Via DarkReading.com -

Seasoned red team hacker Chris Nickerson initially accepted Robin Sage's LinkedIn invitation because several of his colleagues had, but after making a few inquiries he realized something was fishy about "Robin," a twenty-something woman who purportedly worked for the Naval Network Warfare Command. "Within an hour, I started asking around, 'Hey did you get a friend request from Robin Sage?' ... and [friends] were saying, 'I thought you knew her.' I knew something weird was going on," Nickerson says.

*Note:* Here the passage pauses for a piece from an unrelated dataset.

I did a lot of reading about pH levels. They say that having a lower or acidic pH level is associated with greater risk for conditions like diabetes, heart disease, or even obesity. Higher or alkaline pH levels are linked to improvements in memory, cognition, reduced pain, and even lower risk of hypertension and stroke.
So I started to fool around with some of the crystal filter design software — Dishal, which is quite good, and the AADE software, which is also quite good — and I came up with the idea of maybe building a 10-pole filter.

So Nickerson started hammering away at Robin on Twitter, and quickly figured out it was a fellow red team hacker behind the phony persona. But not everyone caught on as quickly to the phony profile as Nickerson: Robin actually duped an Army Ranger into friending her. The Ranger then inadvertently exposed information about his coordinates in Afghanistan to Robin with his uploaded photos from the field that contained GeoIP data from the camera.

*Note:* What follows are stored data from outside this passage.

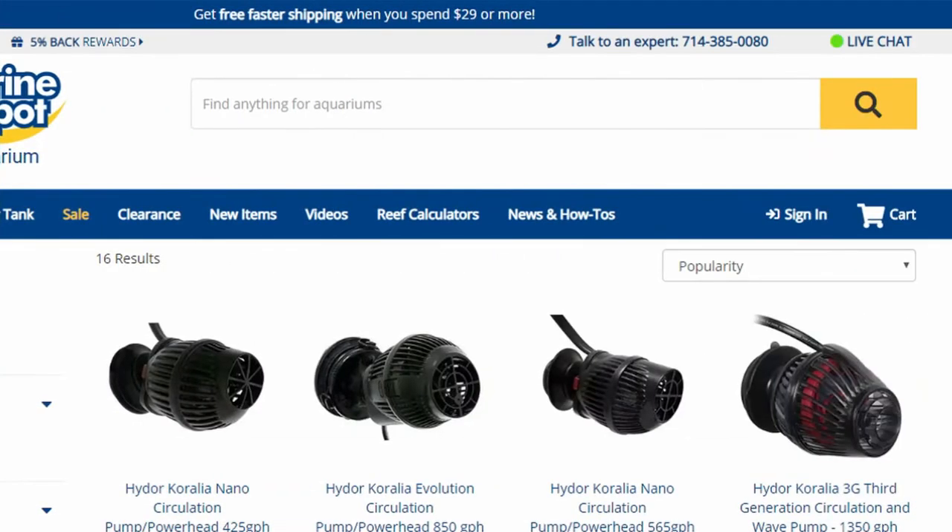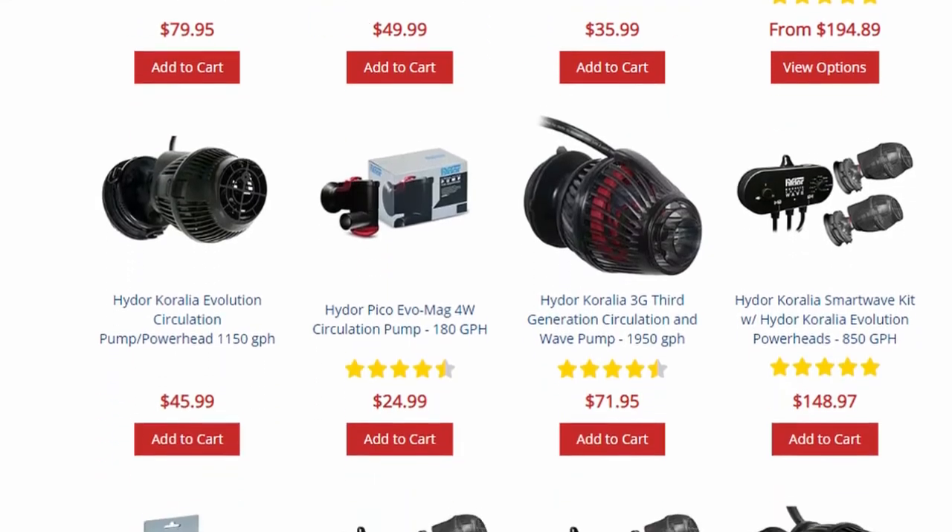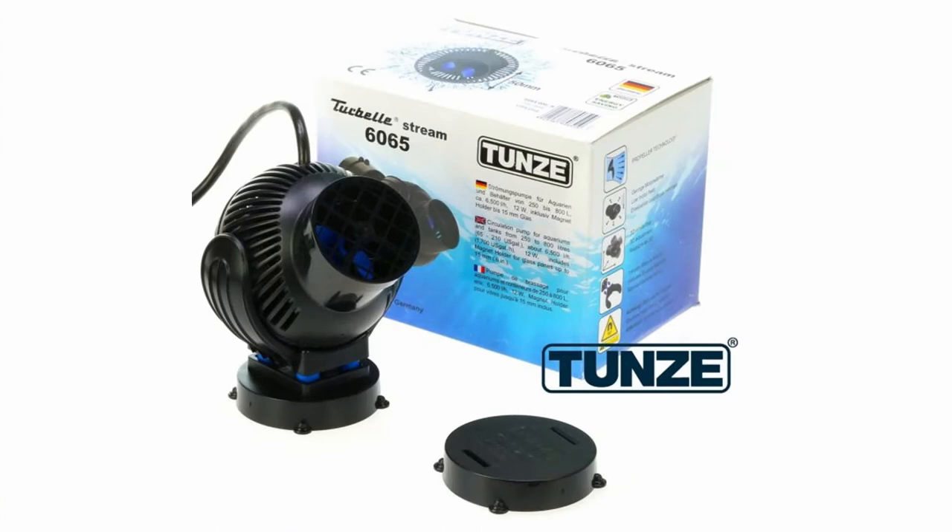Some really good fixed-flow options in terms of budget and pedigree are the Corellia range from Hydor. These have been around for ages and there are multiple generations. On Marine Depot you can see they've got a size for every kind of aquarium, making them a really good choice for the budget-conscious aquarist. If you want something that's going to really last, the Tunze Turbells are bulletproof and have been around for donkey's years — but you're going to pay for that name and pedigree. If you buy one of their pumps it's going to last longer than your aquarium will probably be running, so there's a good range to suit every budget.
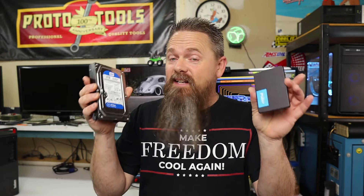Today, I'm going to show you how to go from this to this. We're going to upgrade a desktop computer to an SSD. Stay tuned.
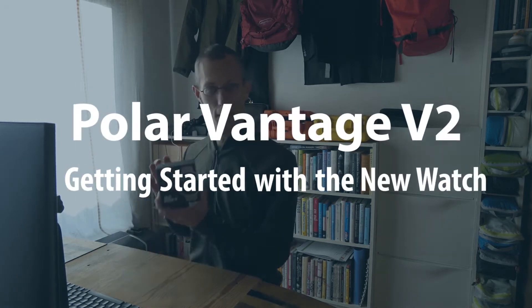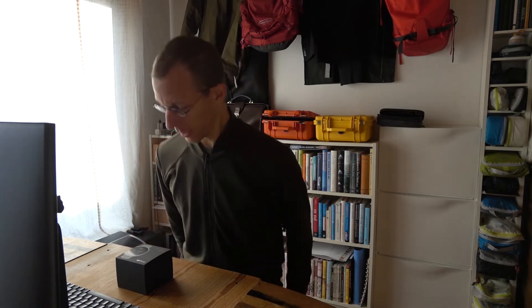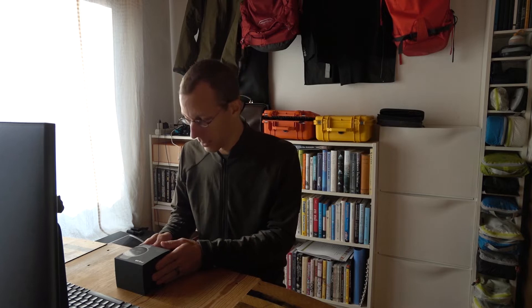The Polar Vantage V2 has arrived. I did get it from Polar — full disclosure from the beginning. It's interesting given all the discussions, because it seems like everybody who wants to review it, who thinks about it, who is a fan of Polar's, is looking at it from the perspective of somebody who has a Vantage, or maybe had a look at or even had the Grit X, and is now saying this is basically just a software update — which I don't actually believe to be true.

"You could see them talking about where they were going and where they were in Afghanistan and Iraq ... some were uploading pictures with geolocation information, and we were able to see them," says Thomas Ryan, the mastermind behind the social network experiment and co-founder and managing partner of cyber operations and threat intelligence for Provide Security, who will present the findings later this month at Black Hat USA in his "Getting In Bed With Robin Sage"
talk.

Ryan says Robin's Facebook profile was able to view coordinates information on where the troops were located. "If she was a terrorist, you would know where different [troops'] locations were," Ryan says.

[...]

Robin Sage gained a total of about 300 friends on LinkedIn, counting those who came and went, he says. All three of the phony woman's social networking accounts remain active -- the
LinkedIn profile currently has 148 connections, the Facebook profile has 110, and the Twitter account has 141 followers. Ryan officially ran the experiment for 28 days starting in late December and ending in January of this year.

Among Robin's social networking accomplishments: She scored connections with people in the Joint Chiefs of Staff, the CIO of the NSA, an intelligence director for the U.S. Marines, a chief of staff for the U.S. House of Representatives, and several Pentagon and DoD employees. The profiles also attracted defense contractors, such as Lockheed Martin, Northrop Grumman, and Booz Allen Hamilton.

Lockheed and other firms made job offers to Robin, some inviting her to dinner to discuss employment prospects. "I was surprised at how people in her same command friended her -- people actually in the same command and the same building," Ryan says.